Lord Denning, am English jurist of last century, did not pussy-foot about the English solution.
Concede, if you wish, that, as an ideology, communism has much to be said for it: nevertheless, the danger in a totalitarian system is that those in control of the State will, sooner or later, come to identify their own interests, or the interests of their own party, with those of the State: and when that happens the freedom of the individual has to give way to the interests of the persons in power. We have had all that out time and again in our long history: and we know the answer. It is that the executive government must never be allowed more power than is absolutely necessary. They must always be made subject to the law; and there must be judges in the land who are ‘no respecters of persons and stand between the subject and any encroachment on his liberty by the executive.’ We taught the kings that from Runnymede to the scaffold at Whitehall [the execution of Charles I]: and we have not had any serious trouble about it since.
It therefore came as quite a surprise to learn from the correspondence now released that the staff of the Queen at the Palace and the Governor-General in Australia went out of their way to ensure that the Queen had no notice at all of what would be the most significant step ever taken purportedly on behalf of the Queen in the history of the Commonwealth of Australia. Of course in the day to day business of government, the Queen is never consulted. But on what basis did those who advised Sir John Kerr about his powers decide that the Queen should be not be informed or in any way involved in the way that her powers should be exercised in a manner that had never been done before?
And although the Queen could only act on the advice of the government of the day, the Governor-General was acting in this case in a manner expressly contrary to that advice. It has always seemed to many to be odd to say that the person entrusted with the powers of the Queen could exercise those powers in a manner expressly denied to the Queen – that in some ways his powers were more plenary than when exercised by Her Majesty. What the Palace correspondence shows is a Governor-General acting in a manner that was contrary to an essential pillar of our inherited Westminster system of government.
The reason offered for that course is that if the Governor-General had warned the Prime Minister of his intention, the Prime Minister could have asked the Queen to remove the Governor-General and she would then have been obliged to do so. Is that not a matter of the Governor-General acting peremptorily in order to preclude the possibility of the Queen acting appropriately? And does that just leave us with Alice in Wonderland?

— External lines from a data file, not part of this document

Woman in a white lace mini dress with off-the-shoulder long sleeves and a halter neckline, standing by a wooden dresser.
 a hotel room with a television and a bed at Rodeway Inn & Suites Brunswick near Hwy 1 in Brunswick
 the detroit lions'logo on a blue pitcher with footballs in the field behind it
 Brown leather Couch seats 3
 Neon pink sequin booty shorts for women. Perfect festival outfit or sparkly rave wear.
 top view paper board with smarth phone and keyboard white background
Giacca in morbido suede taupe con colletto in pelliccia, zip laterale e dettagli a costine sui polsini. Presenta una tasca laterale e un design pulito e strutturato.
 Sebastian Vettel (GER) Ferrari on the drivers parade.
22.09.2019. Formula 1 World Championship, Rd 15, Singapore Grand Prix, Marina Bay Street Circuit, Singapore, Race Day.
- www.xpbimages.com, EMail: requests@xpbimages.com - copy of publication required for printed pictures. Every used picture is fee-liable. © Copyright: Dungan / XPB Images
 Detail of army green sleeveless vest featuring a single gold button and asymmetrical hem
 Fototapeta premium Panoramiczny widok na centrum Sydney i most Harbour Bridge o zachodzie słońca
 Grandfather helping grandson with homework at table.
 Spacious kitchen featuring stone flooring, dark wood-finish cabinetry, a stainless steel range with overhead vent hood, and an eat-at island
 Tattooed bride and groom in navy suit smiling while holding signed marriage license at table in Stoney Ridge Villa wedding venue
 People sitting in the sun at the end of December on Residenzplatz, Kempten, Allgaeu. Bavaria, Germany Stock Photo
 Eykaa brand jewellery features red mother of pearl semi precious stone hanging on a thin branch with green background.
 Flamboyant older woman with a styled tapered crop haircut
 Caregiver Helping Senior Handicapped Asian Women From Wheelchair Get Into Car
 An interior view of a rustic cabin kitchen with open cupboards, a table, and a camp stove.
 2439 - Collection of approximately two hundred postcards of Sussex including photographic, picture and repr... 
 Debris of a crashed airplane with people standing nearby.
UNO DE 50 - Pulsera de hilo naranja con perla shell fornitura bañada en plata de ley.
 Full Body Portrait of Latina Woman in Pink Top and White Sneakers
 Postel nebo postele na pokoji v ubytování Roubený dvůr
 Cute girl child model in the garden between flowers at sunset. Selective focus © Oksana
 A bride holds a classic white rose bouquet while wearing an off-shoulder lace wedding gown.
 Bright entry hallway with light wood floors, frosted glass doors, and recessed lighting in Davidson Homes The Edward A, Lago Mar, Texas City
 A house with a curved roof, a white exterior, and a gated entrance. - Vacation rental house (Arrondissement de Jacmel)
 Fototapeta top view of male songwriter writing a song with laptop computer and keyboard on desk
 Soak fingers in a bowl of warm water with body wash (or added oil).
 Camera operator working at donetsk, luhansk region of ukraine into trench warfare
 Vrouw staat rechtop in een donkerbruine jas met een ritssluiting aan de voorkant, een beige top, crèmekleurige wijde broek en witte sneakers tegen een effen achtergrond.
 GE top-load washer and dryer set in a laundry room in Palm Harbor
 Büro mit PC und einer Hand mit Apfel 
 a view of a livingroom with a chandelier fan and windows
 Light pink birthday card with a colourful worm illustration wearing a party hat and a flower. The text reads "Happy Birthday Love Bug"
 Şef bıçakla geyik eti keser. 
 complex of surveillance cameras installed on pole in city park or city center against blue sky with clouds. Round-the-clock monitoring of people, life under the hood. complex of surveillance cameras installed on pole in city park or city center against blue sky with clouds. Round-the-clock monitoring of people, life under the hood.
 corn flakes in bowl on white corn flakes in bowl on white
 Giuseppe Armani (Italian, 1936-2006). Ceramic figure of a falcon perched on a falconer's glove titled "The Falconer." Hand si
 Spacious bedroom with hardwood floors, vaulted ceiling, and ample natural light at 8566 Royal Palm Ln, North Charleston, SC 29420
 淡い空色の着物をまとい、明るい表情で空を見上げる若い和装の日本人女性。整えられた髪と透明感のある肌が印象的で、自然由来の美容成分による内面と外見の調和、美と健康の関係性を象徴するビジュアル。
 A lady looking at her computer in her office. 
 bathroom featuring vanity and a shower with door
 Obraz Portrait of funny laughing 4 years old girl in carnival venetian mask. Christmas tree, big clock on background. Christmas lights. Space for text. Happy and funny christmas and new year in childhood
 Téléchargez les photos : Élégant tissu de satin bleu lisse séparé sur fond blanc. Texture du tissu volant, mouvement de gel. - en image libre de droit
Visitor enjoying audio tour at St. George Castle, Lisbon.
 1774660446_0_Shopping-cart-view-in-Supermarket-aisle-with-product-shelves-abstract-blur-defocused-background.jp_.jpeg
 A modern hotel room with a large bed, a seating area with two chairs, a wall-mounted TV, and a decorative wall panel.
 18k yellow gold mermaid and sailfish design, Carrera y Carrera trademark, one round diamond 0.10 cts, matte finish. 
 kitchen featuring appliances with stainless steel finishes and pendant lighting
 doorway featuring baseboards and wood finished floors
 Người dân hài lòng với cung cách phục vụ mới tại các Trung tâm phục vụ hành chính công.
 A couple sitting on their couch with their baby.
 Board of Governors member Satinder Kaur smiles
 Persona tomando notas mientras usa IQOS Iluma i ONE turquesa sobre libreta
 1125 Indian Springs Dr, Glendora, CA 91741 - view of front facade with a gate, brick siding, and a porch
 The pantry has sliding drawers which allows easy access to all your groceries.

If after the Governor-General had acted as he did and he had informed the Queen, what may have been the case if the Queen had been of the opinion that she would have acted differently? And how could Her Majesty have said otherwise when she was obliged to act, and only to act, on the advice of her Australian ministers?
It is not therefore surprising to read that a former member of the Palace bureaucracy says now:
I suspect that the advice that would have been given to him [Sir John Kerr] was that it would have been prudent to hold off a bit longer. But obviously he felt the pressure of these two contingencies about the election and the financial situation were too pressing to ignore. I think it was very proper of him not to ask and in ways which are now very evident, very sensible and satisfactory that he didn’t. There was considerable discussion of a hypothetical nature about the existence of, and appropriateness of, applying to those reserve powers, but at no stage did the Governor-General ever ask the Queen to suggest that he should act in any particular way, and nor did she offer that advice through her private secretary…
The press reports that this gentleman and the author of the Palace letters thought that Australia was embroiled in a ‘political’ and not ‘constitutional’ crisis and concluded that the Governor- General had intervened ‘too precipitously’ to resolve the deadlock over supply.
All of us in London thought that if Kerr had been able to hold his nerve for just a day or two more, there probably would have been a political solution to the problem, which would have avoided a lot fuss.
And ‘a lot of fuss’ there was – that might have been avoided if the various officials in London and Canberra had not sought and managed to keep the Queen out of this dispute.
And one day someone in Whitehall may illuminate us about the distinction between a ‘political’ crisis and a ‘constitutional’ crisis. It looks to be the kind of question that could have tantalised Aristotle or Plato or Augustine or Aquinas in different ways. Some may be reminded that the medieval Schoolmen agonised over the question of how many angels can dance on the point of a needle. This is not the kind of speculation that we need to see in the government of our nation.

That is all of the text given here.